*** Data extracts ***

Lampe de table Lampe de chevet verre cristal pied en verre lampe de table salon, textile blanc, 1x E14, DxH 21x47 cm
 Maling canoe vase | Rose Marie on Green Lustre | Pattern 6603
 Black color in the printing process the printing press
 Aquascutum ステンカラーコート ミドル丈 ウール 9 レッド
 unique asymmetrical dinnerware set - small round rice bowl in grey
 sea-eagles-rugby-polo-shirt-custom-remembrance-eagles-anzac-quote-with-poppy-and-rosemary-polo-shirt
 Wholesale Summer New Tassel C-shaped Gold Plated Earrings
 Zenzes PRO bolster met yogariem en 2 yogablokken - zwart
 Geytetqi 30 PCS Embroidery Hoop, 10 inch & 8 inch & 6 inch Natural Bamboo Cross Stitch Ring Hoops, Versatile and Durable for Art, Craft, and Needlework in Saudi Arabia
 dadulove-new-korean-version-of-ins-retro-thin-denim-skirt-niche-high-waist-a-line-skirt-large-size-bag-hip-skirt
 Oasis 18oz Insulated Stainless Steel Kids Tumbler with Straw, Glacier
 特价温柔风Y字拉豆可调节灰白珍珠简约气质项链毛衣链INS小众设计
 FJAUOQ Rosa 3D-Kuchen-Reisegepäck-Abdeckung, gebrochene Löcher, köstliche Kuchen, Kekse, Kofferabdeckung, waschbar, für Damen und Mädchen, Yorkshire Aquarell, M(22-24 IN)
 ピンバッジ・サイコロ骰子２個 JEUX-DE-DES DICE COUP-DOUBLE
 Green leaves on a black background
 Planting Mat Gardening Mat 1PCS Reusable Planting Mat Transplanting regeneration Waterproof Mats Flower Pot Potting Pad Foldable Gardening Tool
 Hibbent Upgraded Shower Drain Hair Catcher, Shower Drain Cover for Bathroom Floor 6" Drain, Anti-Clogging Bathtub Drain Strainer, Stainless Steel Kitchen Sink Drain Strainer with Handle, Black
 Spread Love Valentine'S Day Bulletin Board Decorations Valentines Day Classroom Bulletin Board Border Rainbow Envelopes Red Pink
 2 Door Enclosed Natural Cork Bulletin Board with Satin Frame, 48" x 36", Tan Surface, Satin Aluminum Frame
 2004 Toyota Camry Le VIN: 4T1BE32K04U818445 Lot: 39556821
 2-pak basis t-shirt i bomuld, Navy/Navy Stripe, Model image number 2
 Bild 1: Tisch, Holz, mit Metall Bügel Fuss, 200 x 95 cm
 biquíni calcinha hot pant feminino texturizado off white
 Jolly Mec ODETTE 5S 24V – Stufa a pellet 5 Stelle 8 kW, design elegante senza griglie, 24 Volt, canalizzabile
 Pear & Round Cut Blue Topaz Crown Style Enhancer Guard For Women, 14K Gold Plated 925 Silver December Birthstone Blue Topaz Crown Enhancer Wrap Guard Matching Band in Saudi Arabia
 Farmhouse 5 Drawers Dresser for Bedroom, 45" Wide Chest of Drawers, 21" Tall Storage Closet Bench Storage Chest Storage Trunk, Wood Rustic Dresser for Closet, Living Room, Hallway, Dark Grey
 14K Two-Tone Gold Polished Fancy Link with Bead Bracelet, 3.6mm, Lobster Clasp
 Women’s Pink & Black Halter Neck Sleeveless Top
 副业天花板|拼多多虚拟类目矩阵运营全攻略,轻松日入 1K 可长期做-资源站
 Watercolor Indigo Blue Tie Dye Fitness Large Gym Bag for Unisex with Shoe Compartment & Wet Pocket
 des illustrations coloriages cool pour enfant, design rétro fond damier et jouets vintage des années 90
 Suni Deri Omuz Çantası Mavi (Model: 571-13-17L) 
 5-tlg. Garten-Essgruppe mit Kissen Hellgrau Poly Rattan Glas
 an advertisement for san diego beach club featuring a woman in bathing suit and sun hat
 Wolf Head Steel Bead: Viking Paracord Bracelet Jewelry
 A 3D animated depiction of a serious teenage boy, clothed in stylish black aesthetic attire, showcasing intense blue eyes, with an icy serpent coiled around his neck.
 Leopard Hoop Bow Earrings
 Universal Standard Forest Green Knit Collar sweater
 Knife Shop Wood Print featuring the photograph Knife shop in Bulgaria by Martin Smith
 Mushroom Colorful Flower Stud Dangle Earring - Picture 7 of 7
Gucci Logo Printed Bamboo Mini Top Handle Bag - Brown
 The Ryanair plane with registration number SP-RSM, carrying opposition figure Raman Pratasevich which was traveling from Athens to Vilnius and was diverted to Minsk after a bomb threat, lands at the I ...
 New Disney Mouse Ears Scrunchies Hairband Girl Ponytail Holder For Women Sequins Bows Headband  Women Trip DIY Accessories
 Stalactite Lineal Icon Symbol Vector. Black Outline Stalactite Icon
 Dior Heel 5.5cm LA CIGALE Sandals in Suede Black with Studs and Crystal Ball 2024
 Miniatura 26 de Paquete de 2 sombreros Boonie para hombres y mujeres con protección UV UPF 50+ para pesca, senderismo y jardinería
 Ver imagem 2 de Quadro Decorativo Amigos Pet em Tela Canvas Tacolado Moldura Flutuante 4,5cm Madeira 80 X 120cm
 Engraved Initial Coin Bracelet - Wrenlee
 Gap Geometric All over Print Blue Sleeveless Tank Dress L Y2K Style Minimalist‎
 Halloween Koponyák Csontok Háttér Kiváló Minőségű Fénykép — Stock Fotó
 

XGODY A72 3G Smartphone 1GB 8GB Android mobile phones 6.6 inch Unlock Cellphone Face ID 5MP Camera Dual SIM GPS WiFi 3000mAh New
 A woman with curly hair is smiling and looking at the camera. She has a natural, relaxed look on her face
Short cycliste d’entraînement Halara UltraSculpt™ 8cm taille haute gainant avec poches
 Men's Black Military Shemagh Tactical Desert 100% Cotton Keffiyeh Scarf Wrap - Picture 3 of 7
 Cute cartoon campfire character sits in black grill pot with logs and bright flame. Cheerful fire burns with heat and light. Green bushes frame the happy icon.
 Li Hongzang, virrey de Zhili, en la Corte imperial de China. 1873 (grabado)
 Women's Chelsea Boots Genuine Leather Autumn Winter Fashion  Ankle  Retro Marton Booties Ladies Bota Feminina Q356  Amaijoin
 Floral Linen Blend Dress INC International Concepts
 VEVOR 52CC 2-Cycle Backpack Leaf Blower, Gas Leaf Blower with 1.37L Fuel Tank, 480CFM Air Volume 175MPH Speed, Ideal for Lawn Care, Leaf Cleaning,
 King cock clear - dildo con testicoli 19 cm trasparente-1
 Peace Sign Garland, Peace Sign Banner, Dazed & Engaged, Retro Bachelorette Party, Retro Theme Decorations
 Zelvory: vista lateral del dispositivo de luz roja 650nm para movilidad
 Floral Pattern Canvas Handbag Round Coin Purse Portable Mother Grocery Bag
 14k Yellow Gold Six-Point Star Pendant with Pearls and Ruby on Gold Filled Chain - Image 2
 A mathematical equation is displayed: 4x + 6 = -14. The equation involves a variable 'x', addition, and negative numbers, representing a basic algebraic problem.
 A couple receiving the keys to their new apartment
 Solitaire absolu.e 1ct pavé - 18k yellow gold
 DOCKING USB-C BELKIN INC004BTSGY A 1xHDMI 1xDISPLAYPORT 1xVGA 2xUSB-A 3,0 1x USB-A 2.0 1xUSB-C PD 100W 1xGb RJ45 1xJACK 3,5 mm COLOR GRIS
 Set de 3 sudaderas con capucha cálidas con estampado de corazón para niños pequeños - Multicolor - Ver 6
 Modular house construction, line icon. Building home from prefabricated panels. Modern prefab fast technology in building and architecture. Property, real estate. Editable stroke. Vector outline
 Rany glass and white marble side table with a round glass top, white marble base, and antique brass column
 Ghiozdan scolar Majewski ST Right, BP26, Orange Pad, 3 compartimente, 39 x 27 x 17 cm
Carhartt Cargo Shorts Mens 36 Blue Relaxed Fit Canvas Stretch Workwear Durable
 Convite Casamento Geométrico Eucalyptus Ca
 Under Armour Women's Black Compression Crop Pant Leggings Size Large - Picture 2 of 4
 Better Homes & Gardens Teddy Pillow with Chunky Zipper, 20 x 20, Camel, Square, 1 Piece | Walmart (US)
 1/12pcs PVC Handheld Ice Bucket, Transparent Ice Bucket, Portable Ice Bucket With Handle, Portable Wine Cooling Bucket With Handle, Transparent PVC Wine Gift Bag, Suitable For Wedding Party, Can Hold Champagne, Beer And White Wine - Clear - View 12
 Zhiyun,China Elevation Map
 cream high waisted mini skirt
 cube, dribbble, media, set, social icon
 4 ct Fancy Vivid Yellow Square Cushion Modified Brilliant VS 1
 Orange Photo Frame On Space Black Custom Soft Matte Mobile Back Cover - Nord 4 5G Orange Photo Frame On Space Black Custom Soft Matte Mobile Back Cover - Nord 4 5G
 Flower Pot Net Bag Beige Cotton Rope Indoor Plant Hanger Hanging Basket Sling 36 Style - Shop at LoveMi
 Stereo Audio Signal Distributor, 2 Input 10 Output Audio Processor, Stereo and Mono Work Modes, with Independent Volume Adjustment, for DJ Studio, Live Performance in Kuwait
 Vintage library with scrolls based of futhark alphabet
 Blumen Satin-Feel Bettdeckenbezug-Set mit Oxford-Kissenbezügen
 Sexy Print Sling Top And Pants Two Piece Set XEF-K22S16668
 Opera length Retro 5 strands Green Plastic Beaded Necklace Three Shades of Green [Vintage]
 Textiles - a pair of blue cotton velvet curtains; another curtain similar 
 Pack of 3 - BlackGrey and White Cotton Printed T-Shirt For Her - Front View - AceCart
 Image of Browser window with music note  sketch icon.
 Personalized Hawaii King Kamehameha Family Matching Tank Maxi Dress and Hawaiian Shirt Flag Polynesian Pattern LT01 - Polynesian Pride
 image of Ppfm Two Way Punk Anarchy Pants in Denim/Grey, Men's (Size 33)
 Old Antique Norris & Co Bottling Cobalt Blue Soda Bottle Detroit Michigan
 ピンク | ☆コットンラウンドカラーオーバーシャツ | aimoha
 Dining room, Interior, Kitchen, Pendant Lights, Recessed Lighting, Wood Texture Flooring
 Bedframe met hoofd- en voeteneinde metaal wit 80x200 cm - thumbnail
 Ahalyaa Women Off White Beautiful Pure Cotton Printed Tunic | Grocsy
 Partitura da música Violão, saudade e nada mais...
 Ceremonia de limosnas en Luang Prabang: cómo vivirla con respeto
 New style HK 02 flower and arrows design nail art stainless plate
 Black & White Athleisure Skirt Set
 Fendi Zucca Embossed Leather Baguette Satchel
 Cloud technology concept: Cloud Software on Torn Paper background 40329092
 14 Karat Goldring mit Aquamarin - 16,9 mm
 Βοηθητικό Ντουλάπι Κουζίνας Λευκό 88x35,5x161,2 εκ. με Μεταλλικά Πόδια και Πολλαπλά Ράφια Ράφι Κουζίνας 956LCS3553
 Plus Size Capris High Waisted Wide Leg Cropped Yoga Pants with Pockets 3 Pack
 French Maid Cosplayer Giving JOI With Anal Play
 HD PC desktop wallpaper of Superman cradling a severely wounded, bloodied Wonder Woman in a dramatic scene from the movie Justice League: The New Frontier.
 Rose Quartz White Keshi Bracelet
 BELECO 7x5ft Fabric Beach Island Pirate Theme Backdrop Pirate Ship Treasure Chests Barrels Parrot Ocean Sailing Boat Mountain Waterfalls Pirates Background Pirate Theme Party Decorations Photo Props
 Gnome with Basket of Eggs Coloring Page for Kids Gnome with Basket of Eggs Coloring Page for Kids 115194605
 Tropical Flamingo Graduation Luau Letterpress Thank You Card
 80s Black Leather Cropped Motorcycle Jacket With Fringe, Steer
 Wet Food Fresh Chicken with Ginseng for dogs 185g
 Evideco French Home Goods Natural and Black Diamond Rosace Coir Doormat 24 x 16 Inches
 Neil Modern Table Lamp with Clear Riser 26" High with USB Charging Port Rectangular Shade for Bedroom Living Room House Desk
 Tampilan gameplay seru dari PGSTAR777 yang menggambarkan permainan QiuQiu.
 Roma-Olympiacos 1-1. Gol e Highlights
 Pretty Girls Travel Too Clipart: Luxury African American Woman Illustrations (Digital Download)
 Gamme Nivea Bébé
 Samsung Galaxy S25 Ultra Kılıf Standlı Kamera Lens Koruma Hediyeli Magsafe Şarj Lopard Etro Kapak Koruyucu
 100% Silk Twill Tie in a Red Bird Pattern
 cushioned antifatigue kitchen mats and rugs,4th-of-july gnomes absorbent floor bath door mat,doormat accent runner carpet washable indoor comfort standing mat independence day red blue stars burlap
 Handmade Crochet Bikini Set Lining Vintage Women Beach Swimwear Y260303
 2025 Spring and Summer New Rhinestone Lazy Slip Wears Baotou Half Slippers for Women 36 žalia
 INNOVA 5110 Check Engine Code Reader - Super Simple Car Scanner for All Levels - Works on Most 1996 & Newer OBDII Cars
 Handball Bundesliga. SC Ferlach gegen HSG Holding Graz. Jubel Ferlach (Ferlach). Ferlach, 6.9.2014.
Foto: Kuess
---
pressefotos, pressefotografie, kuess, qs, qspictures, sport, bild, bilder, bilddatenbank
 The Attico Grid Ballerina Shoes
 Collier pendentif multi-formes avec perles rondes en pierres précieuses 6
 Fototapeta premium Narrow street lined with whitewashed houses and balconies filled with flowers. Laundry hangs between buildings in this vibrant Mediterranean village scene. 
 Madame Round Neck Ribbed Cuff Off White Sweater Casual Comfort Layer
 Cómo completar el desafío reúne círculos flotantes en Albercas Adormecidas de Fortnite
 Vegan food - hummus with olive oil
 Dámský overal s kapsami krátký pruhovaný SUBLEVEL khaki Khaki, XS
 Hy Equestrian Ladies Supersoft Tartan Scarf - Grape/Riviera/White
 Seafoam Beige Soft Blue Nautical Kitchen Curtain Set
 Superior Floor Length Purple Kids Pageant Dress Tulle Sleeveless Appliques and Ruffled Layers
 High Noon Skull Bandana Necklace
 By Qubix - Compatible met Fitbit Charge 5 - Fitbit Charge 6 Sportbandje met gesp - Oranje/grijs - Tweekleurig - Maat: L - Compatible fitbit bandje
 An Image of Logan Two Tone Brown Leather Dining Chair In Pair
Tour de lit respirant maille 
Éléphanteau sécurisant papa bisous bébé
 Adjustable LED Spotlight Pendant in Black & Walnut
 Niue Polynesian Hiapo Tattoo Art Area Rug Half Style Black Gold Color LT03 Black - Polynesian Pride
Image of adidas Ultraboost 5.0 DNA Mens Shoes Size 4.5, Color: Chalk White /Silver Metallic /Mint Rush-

*** End of Data extracts ***

• _Work item_
Only the lines above starting with the one with "Tampilan gameplay seru" and going through the one with "Gamme Nivea Bébé" are to be copied, word for word and with both ends kept.

• _Response_
 Tampilan gameplay seru dari PGSTAR777 yang menggambarkan permainan QiuQiu.
 Roma-Olympiacos 1-1. Gol e Highlights
 Pretty Girls Travel Too Clipart: Luxury African American Woman Illustrations (Digital Download)
 Gamme Nivea Bébé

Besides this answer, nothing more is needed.